[GIVEN ENTRIES Boundary: Start]

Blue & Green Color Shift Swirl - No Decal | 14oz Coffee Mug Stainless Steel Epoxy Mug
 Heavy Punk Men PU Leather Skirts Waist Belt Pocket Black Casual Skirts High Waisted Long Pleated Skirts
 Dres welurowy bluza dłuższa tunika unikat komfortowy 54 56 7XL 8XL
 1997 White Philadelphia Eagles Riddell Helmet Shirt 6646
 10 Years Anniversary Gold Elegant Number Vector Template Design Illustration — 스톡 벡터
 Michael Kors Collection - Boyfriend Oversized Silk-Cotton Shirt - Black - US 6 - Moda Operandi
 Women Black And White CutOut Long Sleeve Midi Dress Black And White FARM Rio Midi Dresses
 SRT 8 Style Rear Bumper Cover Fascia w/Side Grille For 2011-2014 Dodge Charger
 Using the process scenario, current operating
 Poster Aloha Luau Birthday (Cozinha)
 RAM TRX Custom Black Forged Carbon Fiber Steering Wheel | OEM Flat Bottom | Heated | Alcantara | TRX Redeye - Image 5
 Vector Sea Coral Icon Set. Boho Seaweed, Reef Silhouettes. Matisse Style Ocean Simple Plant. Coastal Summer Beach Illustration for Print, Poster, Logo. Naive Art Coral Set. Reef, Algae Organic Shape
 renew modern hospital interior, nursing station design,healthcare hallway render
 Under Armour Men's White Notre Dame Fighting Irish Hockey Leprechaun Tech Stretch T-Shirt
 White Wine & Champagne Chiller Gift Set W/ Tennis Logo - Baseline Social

[GIVEN ENTRIES Boundary: End]

» **WHAT IS REQUIRED**
Everything from the line containing "Michael Kors Collection" through the last line of the listing must be reproduced exactly, and no other line.

» **FINAL ANSWER**
 Michael Kors Collection - Boyfriend Oversized Silk-Cotton Shirt - Black - US 6 - Moda Operandi
 Women Black And White CutOut Long Sleeve Midi Dress Black And White FARM Rio Midi Dresses
 SRT 8 Style Rear Bumper Cover Fascia w/Side Grille For 2011-2014 Dodge Charger
 Using the process scenario, current operating
 Poster Aloha Luau Birthday (Cozinha)
 RAM TRX Custom Black Forged Carbon Fiber Steering Wheel | OEM Flat Bottom | Heated | Alcantara | TRX Redeye - Image 5
 Vector Sea Coral Icon Set. Boho Seaweed, Reef Silhouettes. Matisse Style Ocean Simple Plant. Coastal Summer Beach Illustration for Print, Poster, Logo. Naive Art Coral Set. Reef, Algae Organic Shape
 renew modern hospital interior, nursing station design,healthcare hallway render
 Under Armour Men's White Notre Dame Fighting Irish Hockey Leprechaun Tech Stretch T-Shirt
 White Wine & Champagne Chiller Gift Set W/ Tennis Logo - Baseline Social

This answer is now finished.